Le PS joue à l’UMP qui joue au PS…

décembre 3, 2012 on 6:20 | In Best of, Ca m'énerve, Coup de gueule, Economie, La Cour des Mécomptes, Moi, Président, Poil à gratter | Commentaires fermés

Il faut croire que JusMurmurandi se fait entendre jusqu’au sommet de l’Etat. La semaine dernière, nous mettions en avant à quel point la lutte fratricide pour la présidence de l’UMP ressemblait à s’y méprendre à ce que le PS avait mis en scène entre Martine Aubry et Ségolène Royal. On connait la suite: fort de cet étripage public, puis d’une lutte à mort pour les primaires, le PS gagne les élections. Donc, pour re-gagner à leur tour, l’UMP décide de reprendre à leur compte la méthode gagnante du PS, avec François Fillon et Jean-François Copé en vedettes.

Mais voilà qui est plus drôle: le PS à son tour ne veut pas risquer de se faire battre à son propre jeu. Ils constatent à quel point le psychodrame UMP vaut à la droite un temps et une audience considérables dans les media, et ils décident de monter leur propre show de télé-réalité. Ils le mettent en scène dans une vallée où se meurt une industrie vieille de plus de 100 ans, la sidérurgie lorraine.
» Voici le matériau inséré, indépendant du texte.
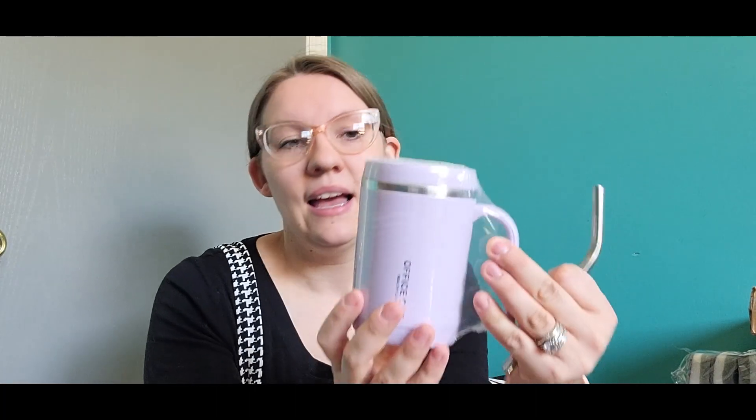This is going to be really, really nice. I've seen lots of people use them and they like it, so I picked one up to try. The next thing I'm really excited about is this mug.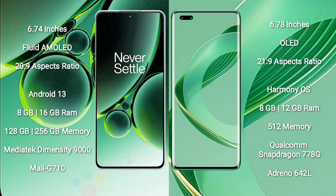OnePlus Nord 3 runs on the Android 13 operating system. Huawei Nova 11 Ultra runs on Harmony OS.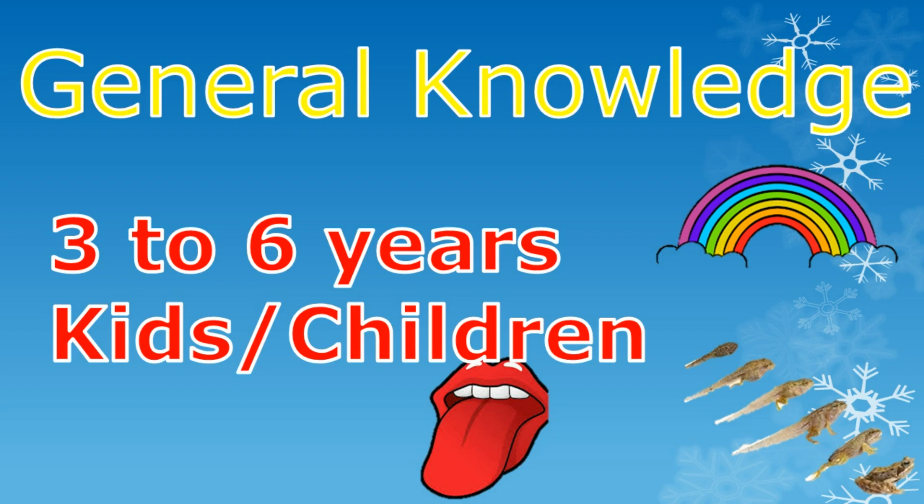Hello friends! In this video we will learn GK questions and answers for 3 to 6 year old kids and children. Let's start today's video.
Leur casting est excellent: la flamboyant ministre Montebourg, belle et grande gueule, qui combine son rôle dans ce drame industriel et humain avec un drame personnel, puisqu’il vient de se faire larguer par la belle et sulfureuse Audrey Pulvar pour cause de conflit entre amour et devoir. C’est beau comme du Corneille. En face,le rôle du méchant est tenu à la perfection par Lakshmi Mittal, qui ne manque pas de trahir toutes les promesses qu’il a faites et toutes les garanties qu’il a données quand cela lui permet d’augmenter sa colossale fortune personnelle. Car lui aussi pimente ce qui ne serait qu’une situation professionnelle par un côté personnel qui ravit les spectateurs, avec mariage de sa fille au château de Versailles privatisé pour l’occasion, et son fils à la direction financière de son propre groupe.

Montebourg, comme il convient pour le rôle du jeune premier en héros, propose de faire prévaloir la vertu populaire sur la crapulerie rapace venue d’ailleurs (Mittal est indien), qui n’a pu mettre la main sur le fleuron de l’acier européen qu’avec l’aide de François Pinault, autre milliardaire, mais français, meilleur ami du Chef de l’Etat de l’époque, et qui s’est porté garant de la parfaite honorabilité de son collègue en milliards. Pour cela, il veut nationaliser le site de Florange, pour le revendre à un autre sidérurgiste, prêt, lui à apporter de l’argent pour faire revivre la vieille usine. Mais mystère sur le nom de sauveur en forme de deus ex machina. Même la presse, qui publie tous les détails de chaque enquête policière et audience judiciaire croustillante, ne trouve pas qui est le Sauveur Mystère de Florange.

Sauf que le Gouvernement ne suit pas Montebourg, trahi par ses amis après avoir été rejeté par sa compagne. Ce n’est plus du Corneille, mais une tragédie grecque! Et, comme il convient à un jeune héros, celui-ci s’apprête à se suicider pour ne pas survivre à son échec et au déshonneur qui s’ensuit. Banzai!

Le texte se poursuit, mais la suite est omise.